We learned to enjoy the victories.  Even though the team had one ultimate goal, it was valuable to see them enjoy the journey.  Too many times in life we get focused on the destination and miss the sights along the way.  If we don't pay attention to the path, it's difficult to appreciate where we started.

The Badgers learned from their losses.  The few times you experienced setbacks, you obviously figured out what went wrong, made corrections, and moved ahead while leaving the result behind.

The team set a good example of making steady progress toward a goal.  Certainly Frank Kaminsky was a prime example of a strong will, good coaching, and practice helped him achieve a result only a very few could have predicted his freshman year. 

Maybe one of the biggest lessons came from Frank, Nigel and the team.  Take the job seriously, not yourself.  There were moments of high pressure throughout the season, yet your team was prepared but not uptight.

Just a game.  That's what everybody says.  Until it's time to play.  But they can be more than a game; the Badgers lifted up spirits and offered a diversion in the many players functioning as one.  We fans wanted that win last Monday.  I don't know if we could want it as much as you, but we wanted it for you, for us, and for Wisconsin.  In a state as politically divided as we seem to be lately, gathering us all under a Big Red tent is an accomplishment as well.

It wasn't to be.  We did achieve something.  A second consecutive moment on the big stage where you and we proved we belong.  That's not nothing.

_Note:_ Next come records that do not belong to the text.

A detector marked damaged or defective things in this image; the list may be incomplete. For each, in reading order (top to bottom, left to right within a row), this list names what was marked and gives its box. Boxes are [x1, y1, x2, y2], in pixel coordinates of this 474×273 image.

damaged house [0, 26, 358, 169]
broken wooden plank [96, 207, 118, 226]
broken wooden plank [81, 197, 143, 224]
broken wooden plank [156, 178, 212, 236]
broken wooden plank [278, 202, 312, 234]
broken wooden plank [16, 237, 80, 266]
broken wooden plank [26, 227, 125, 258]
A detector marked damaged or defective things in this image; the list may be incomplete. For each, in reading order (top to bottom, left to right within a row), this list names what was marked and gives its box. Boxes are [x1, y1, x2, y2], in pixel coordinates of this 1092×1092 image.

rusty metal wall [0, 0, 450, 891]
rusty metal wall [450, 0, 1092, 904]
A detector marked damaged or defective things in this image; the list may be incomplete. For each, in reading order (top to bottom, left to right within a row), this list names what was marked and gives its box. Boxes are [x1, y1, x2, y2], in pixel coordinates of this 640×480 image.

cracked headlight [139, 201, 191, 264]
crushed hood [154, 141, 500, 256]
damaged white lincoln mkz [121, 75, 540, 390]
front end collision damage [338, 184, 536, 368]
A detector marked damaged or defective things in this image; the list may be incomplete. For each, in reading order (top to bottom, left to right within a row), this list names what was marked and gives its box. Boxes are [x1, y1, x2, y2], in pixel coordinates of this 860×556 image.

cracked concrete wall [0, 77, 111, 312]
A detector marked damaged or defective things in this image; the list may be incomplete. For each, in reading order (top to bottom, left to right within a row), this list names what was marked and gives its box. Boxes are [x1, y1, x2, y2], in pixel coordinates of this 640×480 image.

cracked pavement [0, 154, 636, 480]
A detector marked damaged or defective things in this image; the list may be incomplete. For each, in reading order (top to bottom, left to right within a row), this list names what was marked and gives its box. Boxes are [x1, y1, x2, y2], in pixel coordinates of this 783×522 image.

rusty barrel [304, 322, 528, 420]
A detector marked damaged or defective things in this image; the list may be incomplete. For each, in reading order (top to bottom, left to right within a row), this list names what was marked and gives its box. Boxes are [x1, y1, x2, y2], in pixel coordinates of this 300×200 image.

Laser focus and attention to detail has a cost.  We felt it with you.  We saw it on the faces and heard it in the voices of the team after the game.

You make us proud.

Over the course of 40 games, we reveled in the journey.  We found ourselves coaching and watching "your" team until it became "our" team and we wondered how "we" were going to do in the B1G tournament and the NCAA.  We watched while your team did the work - we loved every step.

Thank you.   On Wisconsin!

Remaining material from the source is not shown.